→ PROBLEM DESCRIPTION
Below are records with pictures in them. Transcribe everything from the line containing "Thailands Reisepass ist" down to the line containing "CASA CON FINCA Y BODEGA EN SEDES, NARÓN", exactly, and leave the pictures behind.
_ _ _
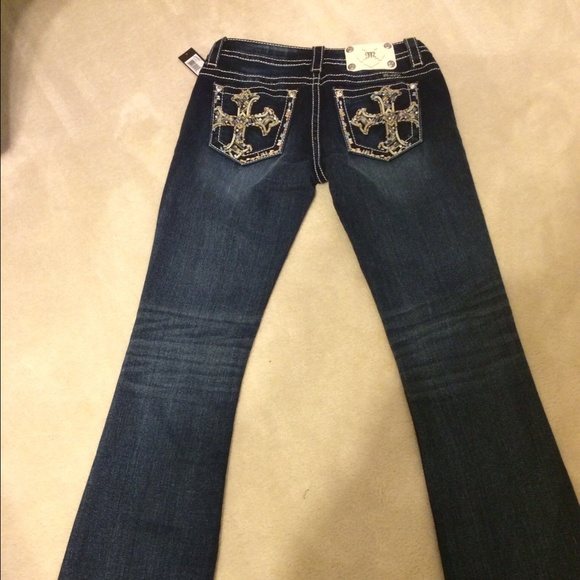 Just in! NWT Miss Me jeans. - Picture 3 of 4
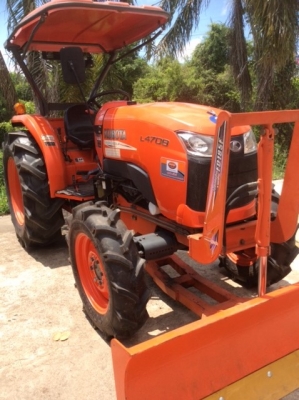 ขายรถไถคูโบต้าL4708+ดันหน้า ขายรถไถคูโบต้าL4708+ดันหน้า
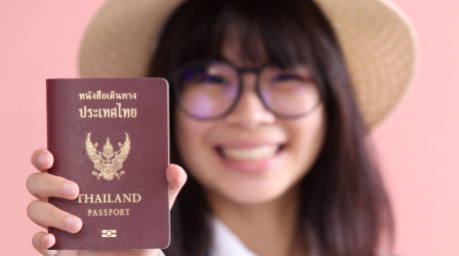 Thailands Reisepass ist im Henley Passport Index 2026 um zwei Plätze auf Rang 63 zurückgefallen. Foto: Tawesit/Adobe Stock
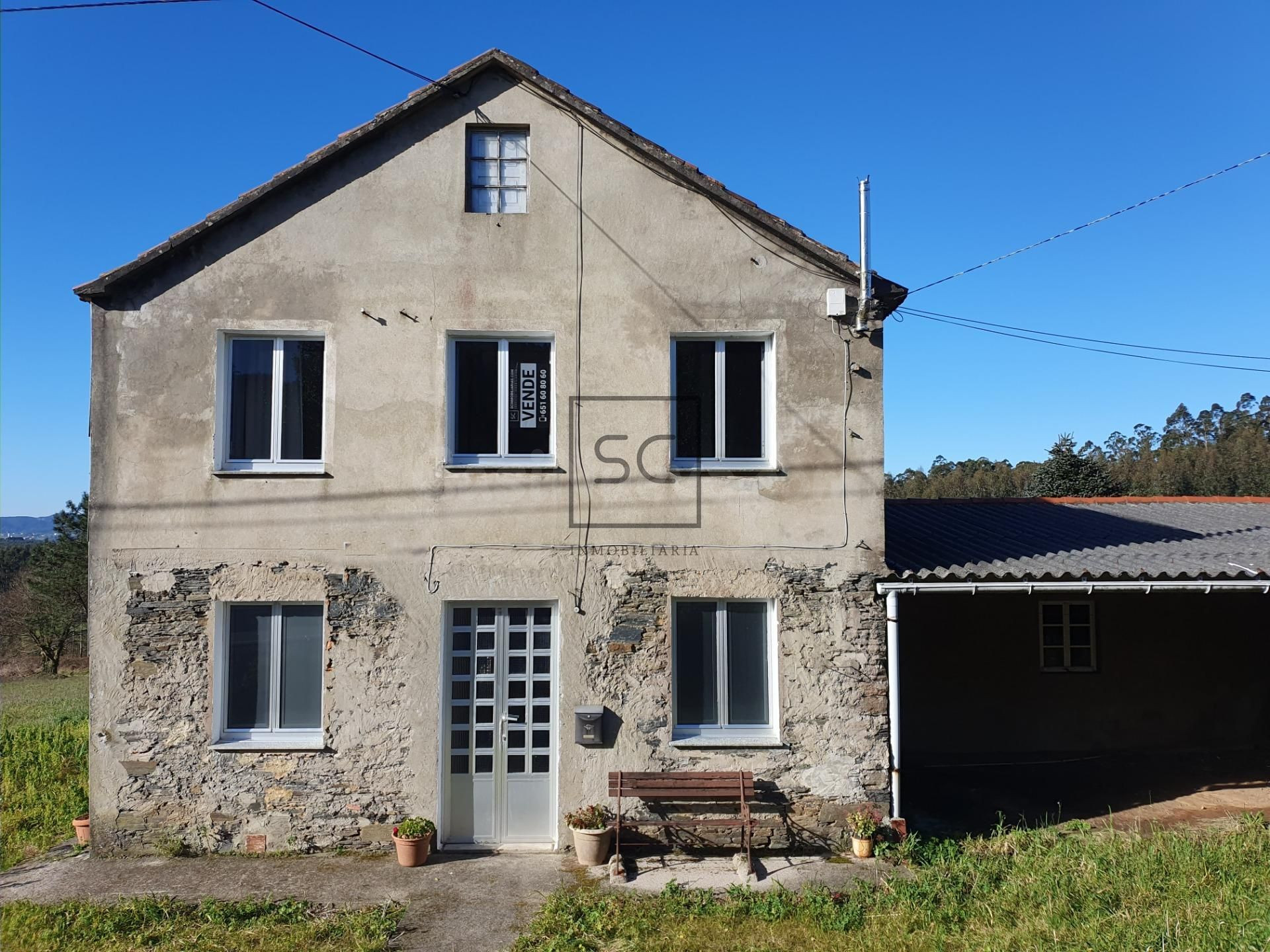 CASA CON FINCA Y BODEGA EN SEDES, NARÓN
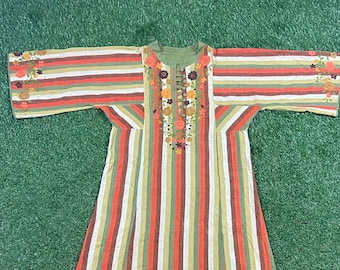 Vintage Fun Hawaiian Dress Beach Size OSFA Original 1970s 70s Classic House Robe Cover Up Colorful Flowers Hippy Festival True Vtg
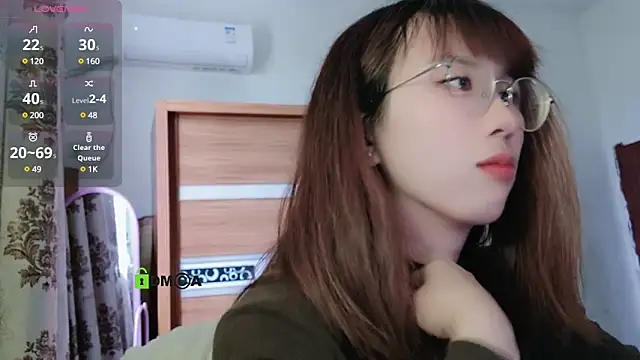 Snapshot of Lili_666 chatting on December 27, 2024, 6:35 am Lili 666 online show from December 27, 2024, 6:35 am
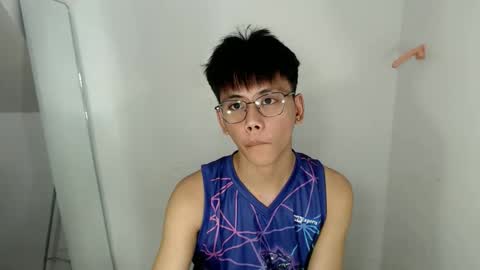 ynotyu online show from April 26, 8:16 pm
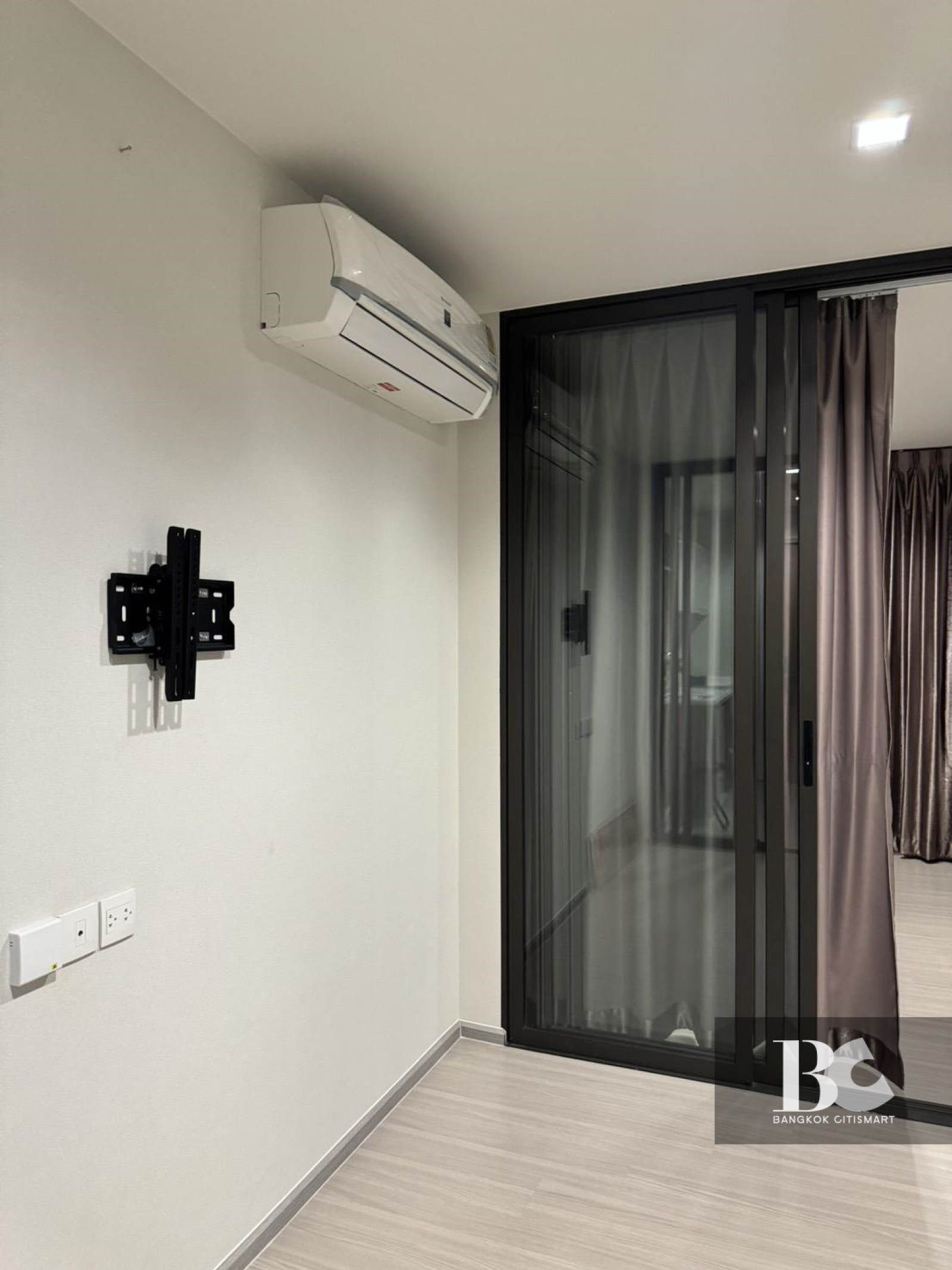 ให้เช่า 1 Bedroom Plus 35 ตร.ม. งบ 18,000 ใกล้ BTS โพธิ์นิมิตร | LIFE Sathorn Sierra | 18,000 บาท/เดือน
_ _ _
→ REPLY TO THE EXERCISE
 Thailands Reisepass ist im Henley Passport Index 2026 um zwei Plätze auf Rang 63 zurückgefallen. Foto: Tawesit/Adobe Stock
 CASA CON FINCA Y BODEGA EN SEDES, NARÓN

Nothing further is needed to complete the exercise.